On 19 March 2010 at 1:21 pm Lex said:
This is yet another bogus attempt by the Govt to claw in some of the votes from the left to stay in power. Consider how many rentals those in power own and how much they would lose. When push comes to shove, I think the Govt will bail and the change will either not happen or it will be so small that it won't be of real concern to us. If there is a reduction in my investments due to Govt decree, I will do as most Landlords and increase rents to cover the loss.
On 20 March 2010 at 5:48 pm Chris said:
> increase rents to cover the loss.
Rubbish. Landlords charge as much rent as they can, ie as much as the market will bear. It is not as if they aim for whatever return figure and are content to just charge a rent that is enough to yield that.
On the other hand, fewer investors means fewer rentals, but also less pressure on house prices thanks to fewer buyers. If rents were to go up and houses prices to go down, guess what woud happen?
Longer term, I tend to agree with Sean though, net migration vs building will dictate the prices more than anything else.
One thing that propery investment has and stocks or other investments don't have is that you can invest the bank's money. For all the banks' talk about shares being great in the long run, they will not lend you a cent against them. If the banks don't believe in the shares they sell, why should we?
That is *the* reason property investment is popular, not supposed tax advantages or other voodoo reasons.
On 22 March 2010 at 1:52 pm John - Cambridge said:
I own a large number of residential rental properties as well as some commercial. I also develop property, some of sale and some to keep. The tax changes don't concern me at all. If one invests for the long term the cash flow effects of possible tax changes and negligible. If some investors sell their investment properties and less investors get into the market there will be a shortage of rentals and rents will go up, economics 101. Once again its the little guys, the people who haven't bought their first home or investment property who are going to pay the price.
On 24 March 2010 at 2:22 pm Mark said:
"Landlords charge as much rent as they can" - they are actually limited to what they can charge because if it is deemed to be over "fair market rate" by the tenacy tribunal they have the power to reduce it.

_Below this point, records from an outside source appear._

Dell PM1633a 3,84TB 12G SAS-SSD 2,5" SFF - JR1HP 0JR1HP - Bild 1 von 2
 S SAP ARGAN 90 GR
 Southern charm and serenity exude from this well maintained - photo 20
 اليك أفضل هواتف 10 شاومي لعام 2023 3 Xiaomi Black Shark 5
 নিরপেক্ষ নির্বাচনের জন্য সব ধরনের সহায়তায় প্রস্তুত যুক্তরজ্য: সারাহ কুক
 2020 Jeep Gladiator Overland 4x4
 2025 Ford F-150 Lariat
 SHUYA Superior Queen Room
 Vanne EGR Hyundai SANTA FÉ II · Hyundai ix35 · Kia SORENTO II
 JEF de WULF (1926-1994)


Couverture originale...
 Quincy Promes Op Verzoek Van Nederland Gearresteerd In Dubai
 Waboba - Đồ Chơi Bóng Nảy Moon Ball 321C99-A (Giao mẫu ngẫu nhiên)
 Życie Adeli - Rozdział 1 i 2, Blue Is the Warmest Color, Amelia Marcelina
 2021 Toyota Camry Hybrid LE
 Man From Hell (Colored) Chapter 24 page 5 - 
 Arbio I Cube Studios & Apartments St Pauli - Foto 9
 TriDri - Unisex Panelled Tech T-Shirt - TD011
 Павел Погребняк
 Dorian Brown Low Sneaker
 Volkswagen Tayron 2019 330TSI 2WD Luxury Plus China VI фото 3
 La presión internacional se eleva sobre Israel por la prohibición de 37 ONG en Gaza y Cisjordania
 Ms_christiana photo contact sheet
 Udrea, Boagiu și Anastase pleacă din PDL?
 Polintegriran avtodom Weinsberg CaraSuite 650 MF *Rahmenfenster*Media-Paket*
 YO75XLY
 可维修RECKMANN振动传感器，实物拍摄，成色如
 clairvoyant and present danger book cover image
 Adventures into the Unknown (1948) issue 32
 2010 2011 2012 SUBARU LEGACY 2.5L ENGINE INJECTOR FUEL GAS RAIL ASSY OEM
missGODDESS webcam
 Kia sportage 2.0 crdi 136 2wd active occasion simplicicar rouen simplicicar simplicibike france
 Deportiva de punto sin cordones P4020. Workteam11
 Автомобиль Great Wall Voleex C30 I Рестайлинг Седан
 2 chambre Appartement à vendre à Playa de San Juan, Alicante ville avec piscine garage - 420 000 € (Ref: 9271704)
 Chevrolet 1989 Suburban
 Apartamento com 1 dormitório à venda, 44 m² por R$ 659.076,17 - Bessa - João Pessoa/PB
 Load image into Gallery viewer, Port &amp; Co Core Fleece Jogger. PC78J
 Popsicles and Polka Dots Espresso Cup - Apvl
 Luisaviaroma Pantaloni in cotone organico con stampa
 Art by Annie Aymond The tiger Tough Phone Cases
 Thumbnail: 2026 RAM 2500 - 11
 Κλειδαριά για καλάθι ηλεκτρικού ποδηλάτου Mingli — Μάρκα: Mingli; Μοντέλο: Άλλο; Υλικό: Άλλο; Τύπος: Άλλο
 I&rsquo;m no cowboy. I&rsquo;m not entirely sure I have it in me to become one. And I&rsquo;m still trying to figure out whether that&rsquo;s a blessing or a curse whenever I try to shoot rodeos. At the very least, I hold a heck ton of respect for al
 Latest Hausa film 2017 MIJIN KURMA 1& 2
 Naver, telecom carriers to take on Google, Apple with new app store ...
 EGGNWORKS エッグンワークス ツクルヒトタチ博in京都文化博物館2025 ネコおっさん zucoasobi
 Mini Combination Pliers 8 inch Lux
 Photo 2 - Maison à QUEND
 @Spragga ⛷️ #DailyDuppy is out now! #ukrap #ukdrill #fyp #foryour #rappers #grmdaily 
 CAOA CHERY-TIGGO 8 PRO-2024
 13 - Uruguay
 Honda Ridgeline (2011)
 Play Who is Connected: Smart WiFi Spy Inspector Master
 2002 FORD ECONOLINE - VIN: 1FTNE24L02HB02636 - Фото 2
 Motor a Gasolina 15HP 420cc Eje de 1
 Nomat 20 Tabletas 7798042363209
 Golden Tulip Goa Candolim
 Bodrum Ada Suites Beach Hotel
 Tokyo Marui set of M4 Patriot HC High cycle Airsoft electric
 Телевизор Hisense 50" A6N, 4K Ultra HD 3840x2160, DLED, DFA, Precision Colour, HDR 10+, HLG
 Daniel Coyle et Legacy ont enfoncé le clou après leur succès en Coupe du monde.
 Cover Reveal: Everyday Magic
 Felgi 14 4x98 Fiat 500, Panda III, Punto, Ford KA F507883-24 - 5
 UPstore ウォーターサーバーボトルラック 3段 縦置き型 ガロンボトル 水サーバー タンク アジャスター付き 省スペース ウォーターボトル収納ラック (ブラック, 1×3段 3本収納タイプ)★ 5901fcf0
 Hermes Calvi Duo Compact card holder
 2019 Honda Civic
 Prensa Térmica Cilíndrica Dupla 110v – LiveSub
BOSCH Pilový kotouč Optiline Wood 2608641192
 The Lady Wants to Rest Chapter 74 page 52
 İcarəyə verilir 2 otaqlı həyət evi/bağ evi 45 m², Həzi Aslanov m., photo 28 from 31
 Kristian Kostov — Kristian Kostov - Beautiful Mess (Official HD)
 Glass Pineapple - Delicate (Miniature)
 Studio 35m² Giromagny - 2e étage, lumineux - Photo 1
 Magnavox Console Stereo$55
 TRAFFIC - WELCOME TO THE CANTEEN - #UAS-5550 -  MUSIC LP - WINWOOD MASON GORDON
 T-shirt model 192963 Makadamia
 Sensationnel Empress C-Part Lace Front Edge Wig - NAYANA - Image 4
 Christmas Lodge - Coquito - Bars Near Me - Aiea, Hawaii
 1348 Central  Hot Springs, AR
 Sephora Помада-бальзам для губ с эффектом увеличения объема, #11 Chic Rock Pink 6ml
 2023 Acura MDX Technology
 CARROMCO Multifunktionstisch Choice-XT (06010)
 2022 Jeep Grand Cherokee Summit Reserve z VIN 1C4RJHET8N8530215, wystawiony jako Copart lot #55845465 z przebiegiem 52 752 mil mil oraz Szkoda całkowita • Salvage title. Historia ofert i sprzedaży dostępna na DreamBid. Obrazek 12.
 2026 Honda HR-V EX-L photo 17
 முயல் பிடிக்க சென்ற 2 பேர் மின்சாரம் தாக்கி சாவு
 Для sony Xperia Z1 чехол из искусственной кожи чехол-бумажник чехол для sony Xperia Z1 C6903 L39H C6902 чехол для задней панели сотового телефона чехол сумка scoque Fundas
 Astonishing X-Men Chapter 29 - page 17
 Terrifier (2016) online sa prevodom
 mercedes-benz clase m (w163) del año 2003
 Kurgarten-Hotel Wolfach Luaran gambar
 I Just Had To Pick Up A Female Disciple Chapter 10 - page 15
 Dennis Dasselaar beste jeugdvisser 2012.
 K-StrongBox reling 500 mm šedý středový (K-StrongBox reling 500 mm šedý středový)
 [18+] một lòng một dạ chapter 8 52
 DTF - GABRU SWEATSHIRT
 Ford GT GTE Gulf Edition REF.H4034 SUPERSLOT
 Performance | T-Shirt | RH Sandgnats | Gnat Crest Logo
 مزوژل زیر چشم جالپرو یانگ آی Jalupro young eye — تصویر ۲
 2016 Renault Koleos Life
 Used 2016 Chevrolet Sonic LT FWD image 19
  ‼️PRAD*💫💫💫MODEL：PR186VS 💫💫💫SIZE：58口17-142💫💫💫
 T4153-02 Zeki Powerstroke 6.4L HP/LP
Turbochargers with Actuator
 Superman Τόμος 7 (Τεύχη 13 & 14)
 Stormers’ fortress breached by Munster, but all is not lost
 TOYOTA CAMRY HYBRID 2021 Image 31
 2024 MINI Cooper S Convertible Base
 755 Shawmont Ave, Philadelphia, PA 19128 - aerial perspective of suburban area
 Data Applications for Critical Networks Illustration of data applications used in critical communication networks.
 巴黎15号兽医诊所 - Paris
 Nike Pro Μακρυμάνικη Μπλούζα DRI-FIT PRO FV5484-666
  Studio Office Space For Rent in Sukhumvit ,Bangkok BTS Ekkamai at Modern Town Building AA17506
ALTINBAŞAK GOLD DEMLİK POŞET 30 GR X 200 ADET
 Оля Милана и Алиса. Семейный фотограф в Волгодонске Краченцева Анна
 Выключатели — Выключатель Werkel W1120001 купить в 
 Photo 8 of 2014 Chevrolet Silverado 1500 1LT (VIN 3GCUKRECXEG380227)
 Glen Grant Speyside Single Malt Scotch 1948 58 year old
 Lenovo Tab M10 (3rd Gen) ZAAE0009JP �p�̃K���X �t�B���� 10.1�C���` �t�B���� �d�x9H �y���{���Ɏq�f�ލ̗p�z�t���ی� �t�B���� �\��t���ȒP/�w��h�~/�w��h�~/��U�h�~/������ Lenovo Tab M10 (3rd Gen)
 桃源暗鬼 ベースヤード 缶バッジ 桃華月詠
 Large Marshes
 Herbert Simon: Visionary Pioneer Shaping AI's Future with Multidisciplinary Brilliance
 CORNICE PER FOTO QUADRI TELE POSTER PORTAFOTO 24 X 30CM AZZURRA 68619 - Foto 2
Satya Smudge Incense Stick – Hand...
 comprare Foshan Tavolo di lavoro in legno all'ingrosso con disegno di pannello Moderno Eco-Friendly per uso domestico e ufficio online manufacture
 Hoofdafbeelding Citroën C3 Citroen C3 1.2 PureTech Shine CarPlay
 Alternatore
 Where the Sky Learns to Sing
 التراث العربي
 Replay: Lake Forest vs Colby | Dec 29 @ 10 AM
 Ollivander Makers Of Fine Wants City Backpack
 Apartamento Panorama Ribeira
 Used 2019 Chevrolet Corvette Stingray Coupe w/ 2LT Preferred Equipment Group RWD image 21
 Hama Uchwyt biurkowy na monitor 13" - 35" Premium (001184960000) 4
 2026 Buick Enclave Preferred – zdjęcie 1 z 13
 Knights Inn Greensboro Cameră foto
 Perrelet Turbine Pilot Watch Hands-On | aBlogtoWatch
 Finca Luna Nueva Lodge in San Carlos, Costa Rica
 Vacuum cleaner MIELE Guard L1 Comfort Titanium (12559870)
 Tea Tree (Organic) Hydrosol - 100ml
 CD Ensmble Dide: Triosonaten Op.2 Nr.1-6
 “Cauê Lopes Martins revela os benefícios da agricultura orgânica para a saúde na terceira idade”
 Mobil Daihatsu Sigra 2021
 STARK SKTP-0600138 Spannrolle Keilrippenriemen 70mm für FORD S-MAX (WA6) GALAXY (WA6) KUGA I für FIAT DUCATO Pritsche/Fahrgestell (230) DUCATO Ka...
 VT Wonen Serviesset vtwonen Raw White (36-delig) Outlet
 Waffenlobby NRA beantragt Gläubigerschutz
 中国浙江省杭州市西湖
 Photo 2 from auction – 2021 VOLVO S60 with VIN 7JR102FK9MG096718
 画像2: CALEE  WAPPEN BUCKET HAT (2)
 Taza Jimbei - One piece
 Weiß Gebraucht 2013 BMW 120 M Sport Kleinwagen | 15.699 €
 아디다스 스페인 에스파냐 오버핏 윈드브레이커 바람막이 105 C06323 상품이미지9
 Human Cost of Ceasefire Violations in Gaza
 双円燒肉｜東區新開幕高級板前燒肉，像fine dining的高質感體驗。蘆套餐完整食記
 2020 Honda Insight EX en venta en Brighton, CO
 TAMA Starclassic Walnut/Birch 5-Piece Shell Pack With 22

"One thing that propery investment has and stocks or other investments don't have is that you can invest the bank's money. For all the banks' talk about shares being great in the long run, they will not lend you a cent against them." It's called margin lending and is a relativly common product from banks. They won't do it for complete share newbies and you do have to put up a min of 20% up and prove you can pay if you loose the lot, they won't do it on all shares but you can still do it.